In the early verses of our story, Samel is obediently resting beside the Ark. As he sleeps, he hears his name called. “Samuel! Samuel!” 

“Here I am!” Samuel replies. Heneni, in Hebrew. We’re heard this response before haven’t we? Abraham. Jacob. All of them responding to God’s call with the words, “Here I am.” Heneni.

But, Samuel is young. He has never before experienced the word of the Lord. He thinks that it is Eli who is calling him. And, at this point, Eli, himself, doesn’t even recognize that it is God who is calling Samuel--Eli, so disconnected from God, fails to realize at first that it is God who is calling Samuel. 

This happens two more times. Finally, the third time, it dawns on Eli who is calling Samuel. And, so, Eli instructs Samuel how to respond. 

So, the fourth time, when God calls Samuel, he knows how to respond and he does. God, then, speaks to Samuel and calls him to become truth-teller to Eli. To confront Eli with the truth of the patterns that are abusive within his own family and all those whom they touch.

You see, God is not content to let things be. God is unwilling to allow patterns of corruption and abuse to remain concealed and to be perpetuated from generation to generation. This is one of God’s primary purposes for enlisting Samuel as judge and prophet. To be truth-teller. 

It is also God’s purpose for Samuel to lead God’s people through the coming crisis, the coming threat of the neighboring Philistines--a military crisis through which the priestly house of Eli will be punished and the Ark of the Covenant eventually lost. 

Samuel will be the last of the judges. He will guide Israel through crisis, will bring them back to repentance, and will bring about, through God’s power, their deliverance and the return of the Ark of the Covenant.

God calls Samuel. And God equips Samuel to do God’s work. 

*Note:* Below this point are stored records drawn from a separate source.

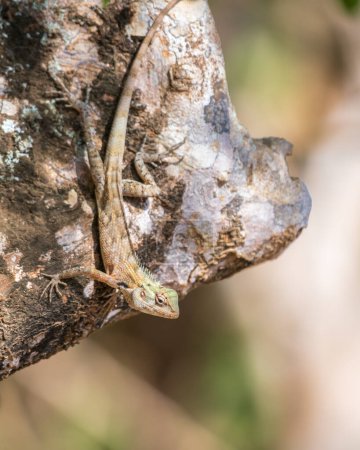 Changeable lizard on a tree at Yala National Park.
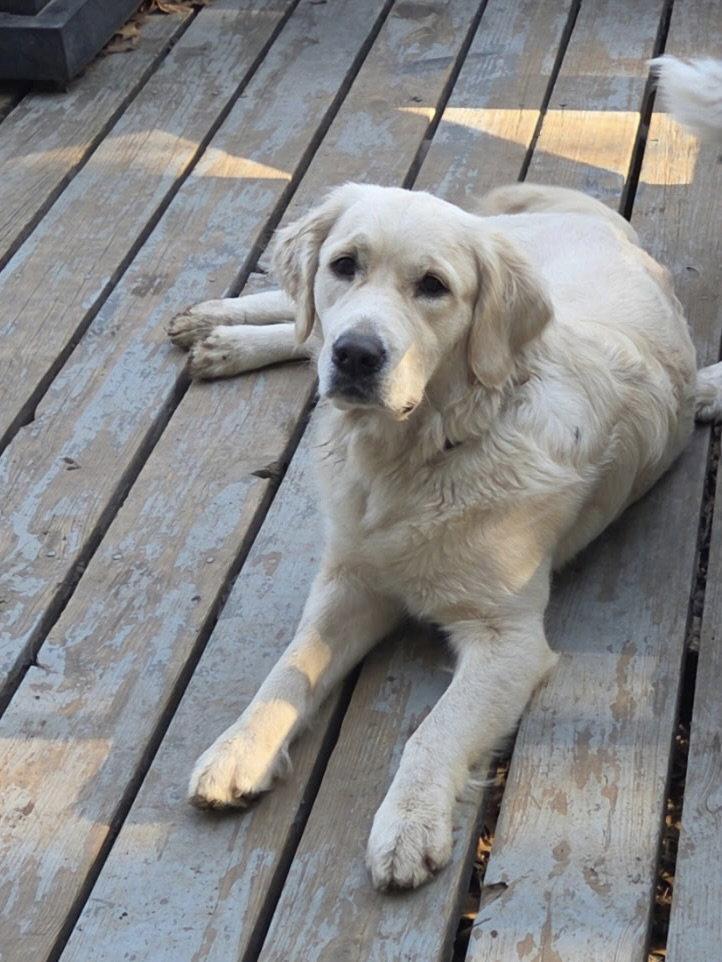 Birdie 26, a Adopted Golden Retriever in Hillside, IL image 1/2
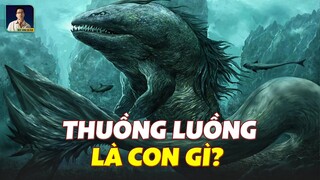 THUỒNG LUỒNG - THỦY QUÁI ĐÁNG S.Ợ NHẤT VIỆT NAM LÀ CON GÌ? I DISCOVERY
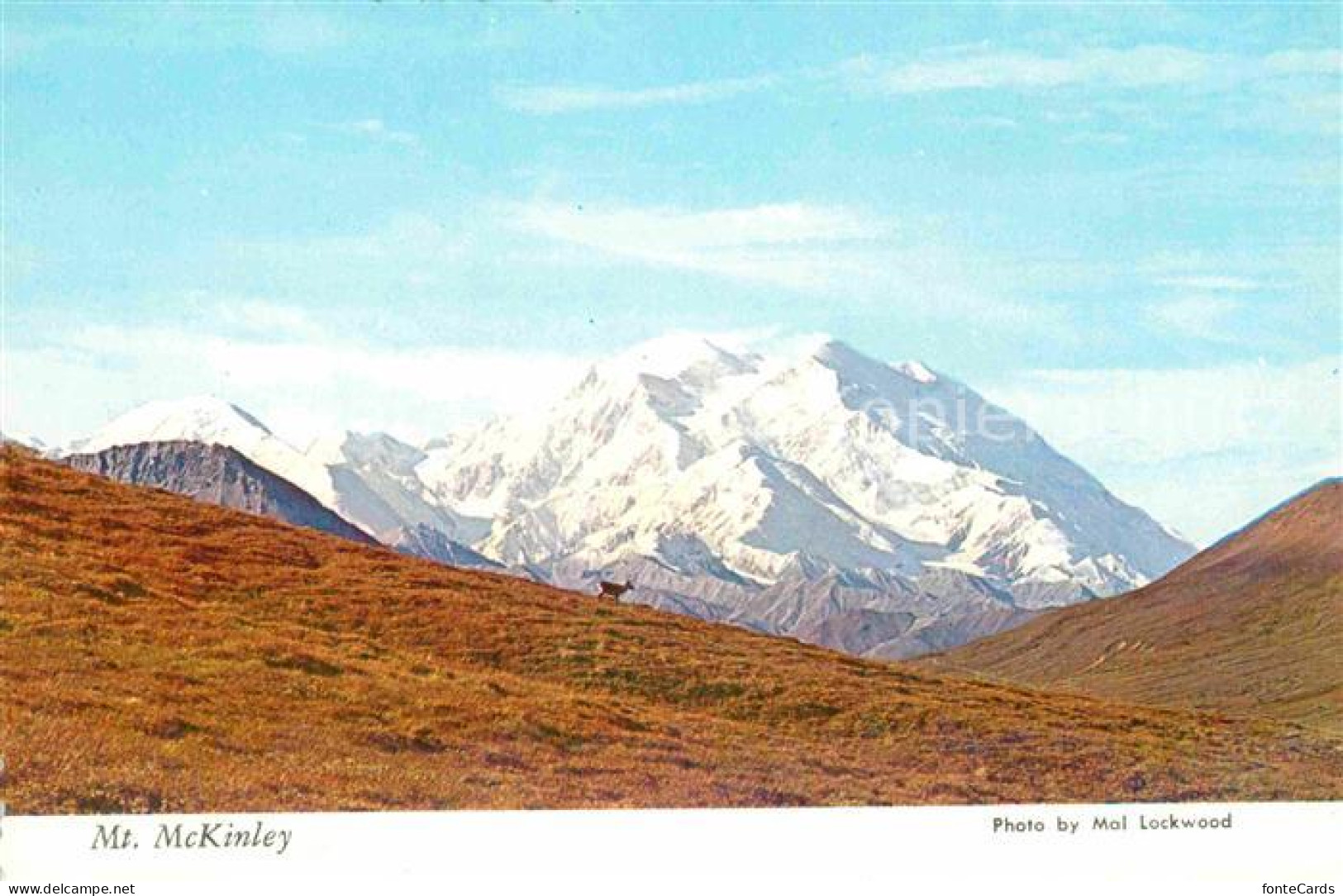 72646066 Mount_McKinley_Alaska Showing A Lone Caribou In Foreground Denali Natio - Other & Unclassified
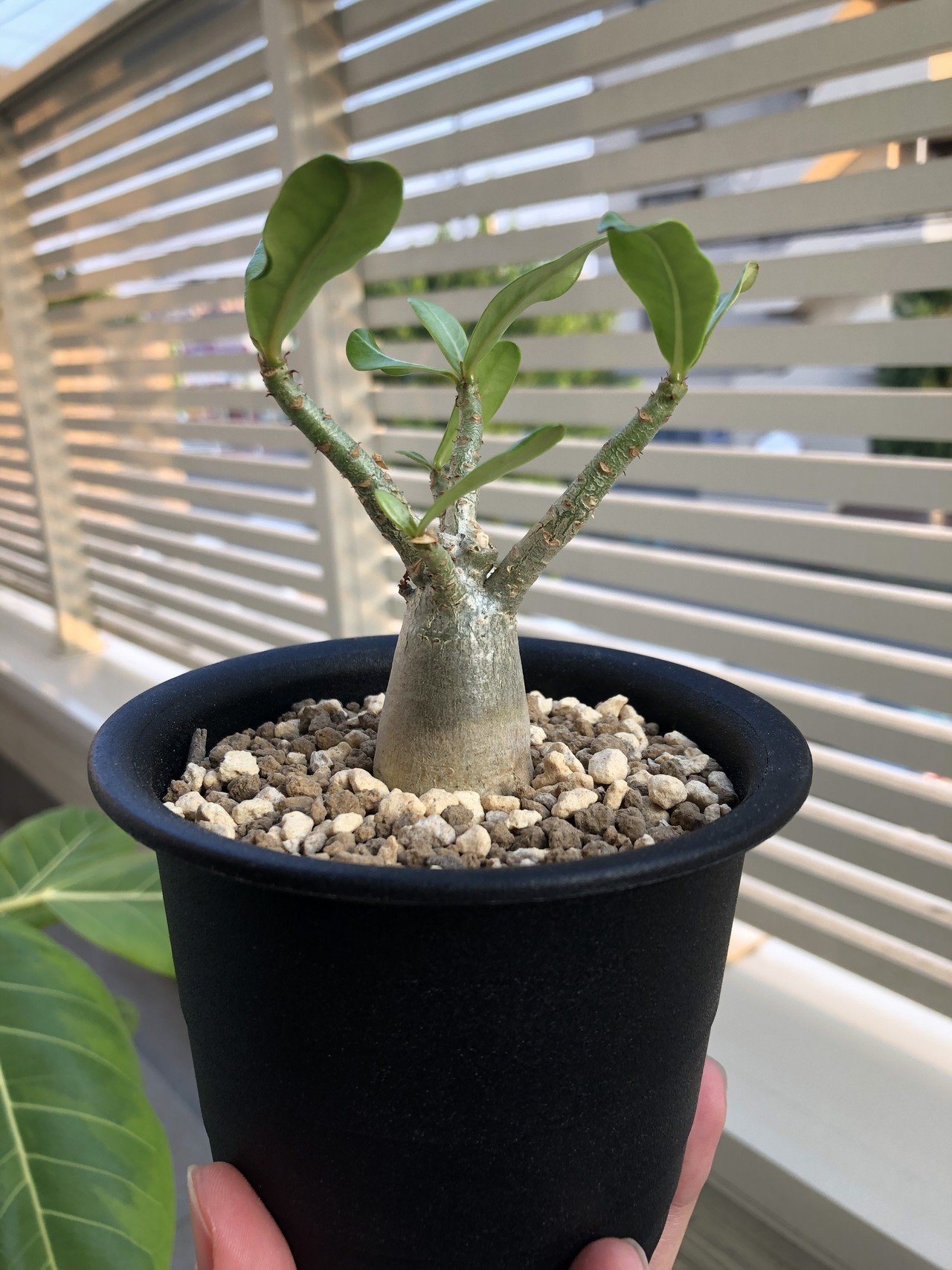 植物たちの成長比較 808 Note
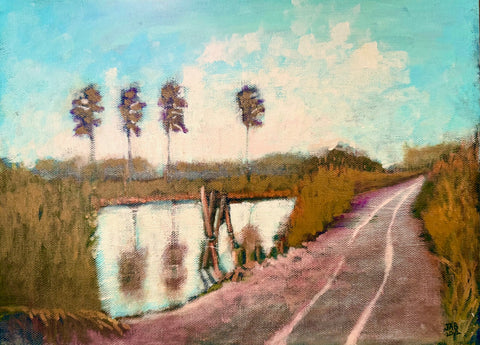 Causeway at Fenwick Island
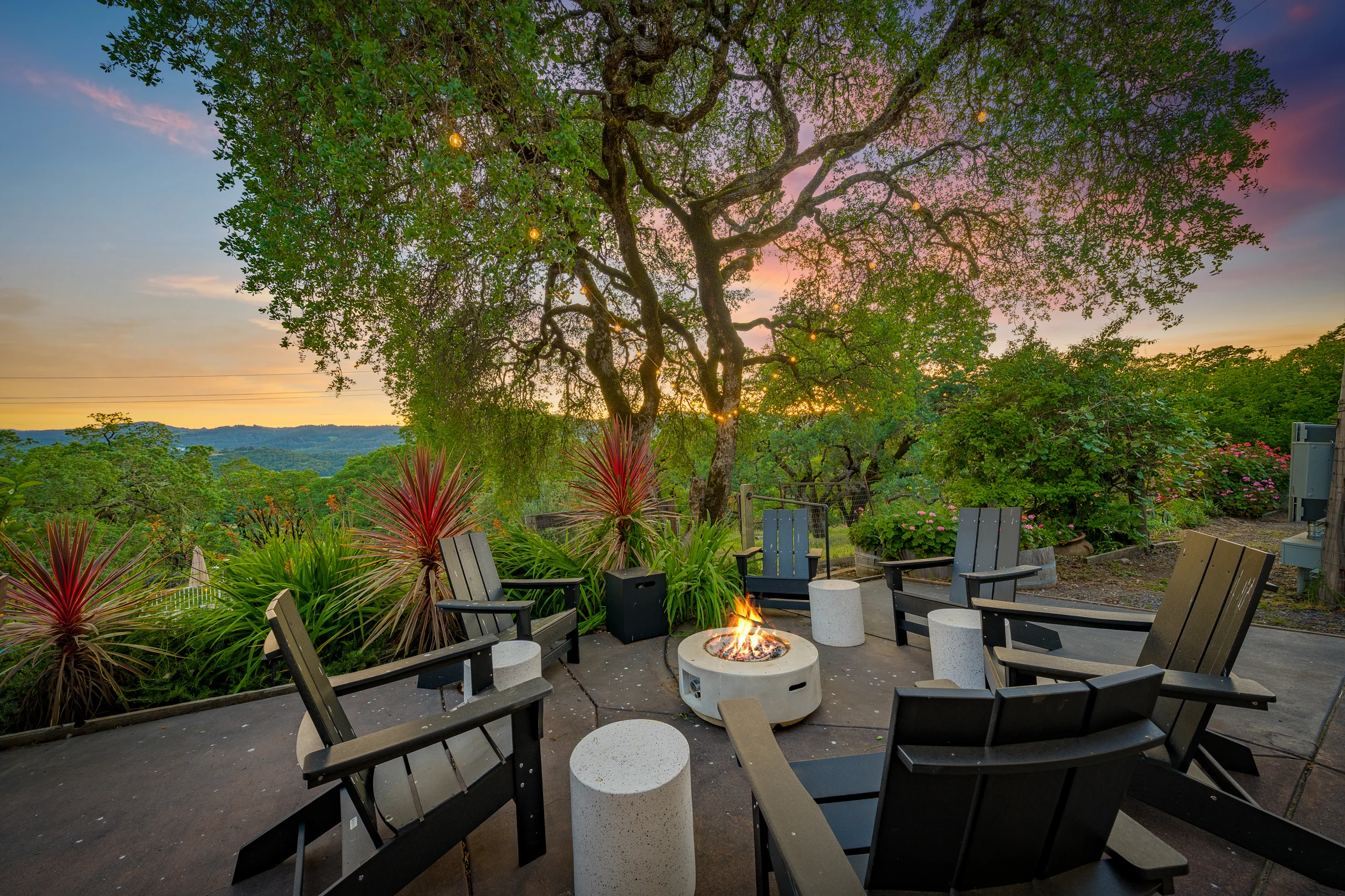 Wander Alexander Valley #48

In the same way God calls each of us. And God equips each of us to do God’s work. Each of us has a calling. In fact, each of us has multiple callings, multiple vocations. Vocations that are both paid and unpaid. Worker. Neighbor. Sibling. Child. Parent. Grandparent. 

Luther wrote extensively on the topic of vocation. It is at the heart of our Lutheran tradition. About how each of us has been freed from the guilt and shame of our own brokenness through the saving power of Christ on the cross. And about how, then, each of us is freed to live into our baptisms and to live out our baptismal callings, in our personal lives and in the life of our community, here and out there.

How are we living into our callings? How are we living more fully into who God intends us to be so that, as we are blessed, we might be a blessing to others?

On this day when we are, in particular, lifting up the calling--the vocation--of farmers, I’m reminded of my own father, who was a farmer. A rancher-farmer. On our ranch in north central South Dakota, we raised sheep and cattle. We averaged 1,000 head of sheep and 400 head of cattle. We raised 1,200 acres of alfalfa as feed. 

Now, my father could have been content to live comfortably on the income provided from our ranch. Yet, he understood that it wasn’t simply about his comfort. He understood that through his vocation as farmer he was to serve God and to bless others with the blessings God had bestowed on him. 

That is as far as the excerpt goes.